Software Verification with PDR:
Implementation and Empirical Evaluation of the State of the Art
Abstract
Property-directed reachability (PDR) is a SAT/SMT-based reachability algorithm that incrementally constructs inductive invariants. After it was successfully applied to hardware model checking, several adaptations to software model checking have been proposed. We contribute a replicable and thorough comparative evaluation of the state of the art: We (1) implemented a standalone PDR algorithm and, as improvement, a PDR-based auxiliary-invariant generator for k‑induction, and (2) performed an experimental study on the largest publicly available benchmark set of C verification tasks, in which we explore the effectiveness and efficiency of software verification with PDR. The main contribution of our work is to establish a reproducible baseline for ongoing research in the area by providing a well-engineered reference implementation and an experimental evaluation of the existing techniques.
Content
The supplementary archive contains CPAchecker and all data from our experiments. The following files are in this archive:
- CPAchecker in revision 27 742 from the trunk
- The additional test-set definitions used for the experiments
- The newly created tasks used for our experiments (the pre-existing set of tasks is available via GitHub)
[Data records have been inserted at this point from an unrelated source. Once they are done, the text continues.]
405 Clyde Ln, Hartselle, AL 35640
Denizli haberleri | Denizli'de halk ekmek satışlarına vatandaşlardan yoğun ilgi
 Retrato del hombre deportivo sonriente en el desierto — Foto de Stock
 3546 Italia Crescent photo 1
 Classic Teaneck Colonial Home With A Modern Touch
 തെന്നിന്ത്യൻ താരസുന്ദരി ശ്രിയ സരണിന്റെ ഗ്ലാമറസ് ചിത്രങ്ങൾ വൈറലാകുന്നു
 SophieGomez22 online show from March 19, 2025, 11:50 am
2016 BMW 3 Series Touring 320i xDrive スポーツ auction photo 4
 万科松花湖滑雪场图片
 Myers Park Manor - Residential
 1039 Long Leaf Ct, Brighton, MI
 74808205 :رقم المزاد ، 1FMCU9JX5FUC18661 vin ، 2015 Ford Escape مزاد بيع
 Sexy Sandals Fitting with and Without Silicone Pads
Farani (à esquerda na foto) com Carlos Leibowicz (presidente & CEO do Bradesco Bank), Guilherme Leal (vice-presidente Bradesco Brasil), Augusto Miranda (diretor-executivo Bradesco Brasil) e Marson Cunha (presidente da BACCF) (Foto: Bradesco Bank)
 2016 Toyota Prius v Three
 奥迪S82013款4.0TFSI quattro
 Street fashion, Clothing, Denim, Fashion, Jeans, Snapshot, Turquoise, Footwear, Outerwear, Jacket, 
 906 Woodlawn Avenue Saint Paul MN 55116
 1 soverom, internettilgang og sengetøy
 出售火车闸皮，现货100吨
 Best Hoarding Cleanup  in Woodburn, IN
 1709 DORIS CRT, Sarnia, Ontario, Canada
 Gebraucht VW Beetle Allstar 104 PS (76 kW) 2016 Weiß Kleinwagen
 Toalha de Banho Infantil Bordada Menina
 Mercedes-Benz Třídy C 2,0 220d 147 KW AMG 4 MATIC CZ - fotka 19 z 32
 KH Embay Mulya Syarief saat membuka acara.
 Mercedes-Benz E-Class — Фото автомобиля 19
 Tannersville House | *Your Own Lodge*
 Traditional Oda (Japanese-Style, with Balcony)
- The results presented in our paper
- A README file explaining how to reproduce the results
Results
The result tables of the figures in our article are also available:
- Table for SVCOMP tasks for both CTIGAR implementations, for k‑induction without auxiliary invariants, and for the best configurations of each tool: k‑induction with continuously-refined data-flow and KIPDR invariants, SeaHorn, and Vvt as a portfolio verifier (Table 2 from the article)
- Table for SVCOMP tasks not solved by plain k‑induction without auxiliary invariants for different k‑induction configurations with auxiliary-invariant generation approaches (Table 3 from the article)
- Table for path programs not solved by plain k‑induction without auxiliary invariants for different k‑induction configurations with auxiliary-invariant generation approaches (Table 4 from the article)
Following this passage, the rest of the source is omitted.